I've been approaching this from the same perspective and I'm wondering the same thing. It feels like there's a lot of spinning going on and I'm not sure people are aware of it.
This seems to be a common sticking point:
> to address any risk arising from any covered transaction by any person
where a covered transaction is
> (A) IN GENERAL.—The term “covered transaction” means a transaction in which an entity described in subparagraph (B) has any interest (including through an interest in a contract for the provision of the technology or service), or any class of such transactions.

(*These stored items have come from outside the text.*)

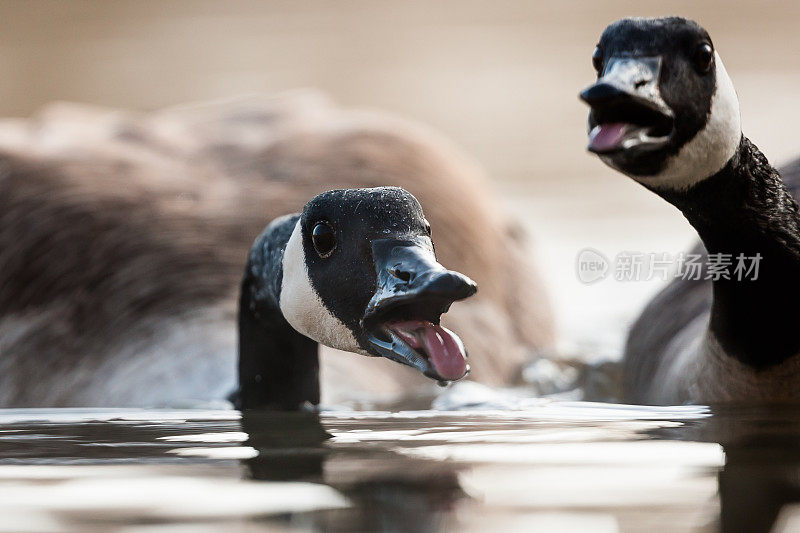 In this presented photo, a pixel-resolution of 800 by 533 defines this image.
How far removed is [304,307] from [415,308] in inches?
27.8

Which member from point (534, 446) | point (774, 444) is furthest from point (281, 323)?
point (774, 444)

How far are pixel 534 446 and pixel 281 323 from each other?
1654 millimetres

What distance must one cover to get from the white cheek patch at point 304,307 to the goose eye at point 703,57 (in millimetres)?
1258

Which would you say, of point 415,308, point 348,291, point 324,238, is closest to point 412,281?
point 415,308

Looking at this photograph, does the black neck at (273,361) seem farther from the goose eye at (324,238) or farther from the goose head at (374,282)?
the goose eye at (324,238)

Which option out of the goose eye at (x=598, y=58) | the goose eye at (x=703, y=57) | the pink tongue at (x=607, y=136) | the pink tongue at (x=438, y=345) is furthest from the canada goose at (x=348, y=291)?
the goose eye at (x=703, y=57)

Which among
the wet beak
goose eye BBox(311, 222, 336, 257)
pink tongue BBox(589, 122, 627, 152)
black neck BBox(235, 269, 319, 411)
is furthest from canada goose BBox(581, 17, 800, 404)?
black neck BBox(235, 269, 319, 411)

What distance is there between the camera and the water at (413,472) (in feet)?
8.32

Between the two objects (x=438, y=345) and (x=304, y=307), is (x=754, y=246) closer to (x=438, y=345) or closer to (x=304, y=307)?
(x=438, y=345)

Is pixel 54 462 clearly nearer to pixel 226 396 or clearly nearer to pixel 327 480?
pixel 327 480

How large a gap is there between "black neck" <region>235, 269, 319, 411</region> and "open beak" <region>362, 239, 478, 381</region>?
1164mm

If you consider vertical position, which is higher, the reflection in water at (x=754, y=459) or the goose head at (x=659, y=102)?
the goose head at (x=659, y=102)

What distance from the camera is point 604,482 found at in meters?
2.82

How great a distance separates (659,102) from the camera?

> (B) COVERED ENTITIES.—The entities described in this subparagraph are:
> (i) a foreign adversary;
> (ii) an entity subject to the jurisdiction of, or organized under the laws of, a foreign adversary; and
> (iii) an entity owned, directed, or controlled by a person described in subparagraph (A) or (B).
I don't understand how you go from here to "banning VPNs for everybody". I've looked through the act and I don't see anything particularly egregious that supports the "THIS IS THE PATRIOT ACT 2.0!!!" take.
I want to see an analysis by law experts, not some techbros on HN or some random channel on YT. If I look at that channel, the description is "Breaking Points with Krystal and Saagar is a fearless anti-establishment Youtube show and podcast." Uh ... okay. And I look at the rest of the videos they've made and it's just, yeah, this is a propaganda channel. Why are people taking this channel and the title of their video at face value? It feels like people are being played hard and we all need to take a step back from the sensationalism.
You need to read what a transaction is. Here is section 17 of the bill:
(17) TRANSACTION.—The term “transaction” means any acquisition, importation, transfer, installation, dealing in, or use of any information and communications technology product or service, including ongoing activities such as managed services, >>>data transmission<<<, software updates, repairs, or the provision of data hosting services, or a class of such transactions.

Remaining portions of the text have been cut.